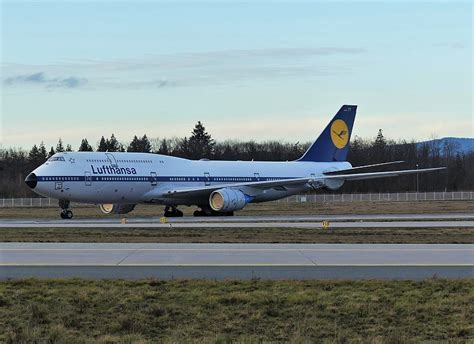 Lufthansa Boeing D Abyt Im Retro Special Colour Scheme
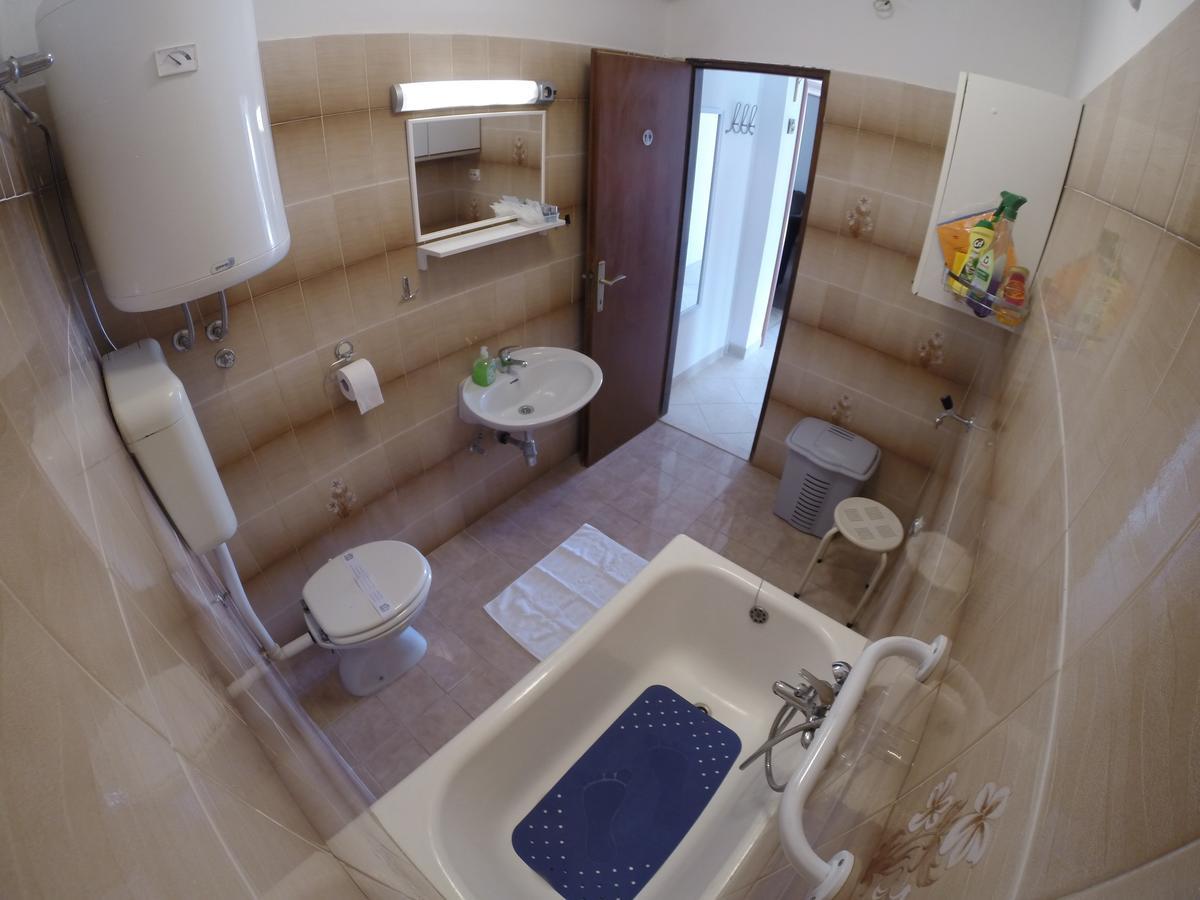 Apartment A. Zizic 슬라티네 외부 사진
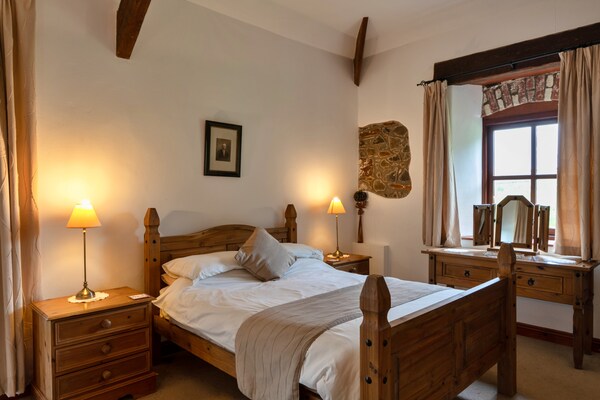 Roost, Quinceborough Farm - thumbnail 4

◆ ASSIGNMENT
Line by line and exactly, reproduce the span from the line with "Apartment A. Zizic 슬라티네 외부 사진" through the end of the data above, both ends included, with pictures left out.

◆ WRITTEN SOLUTION
 Apartment A. Zizic 슬라티네 외부 사진
 Roost, Quinceborough Farm - thumbnail 4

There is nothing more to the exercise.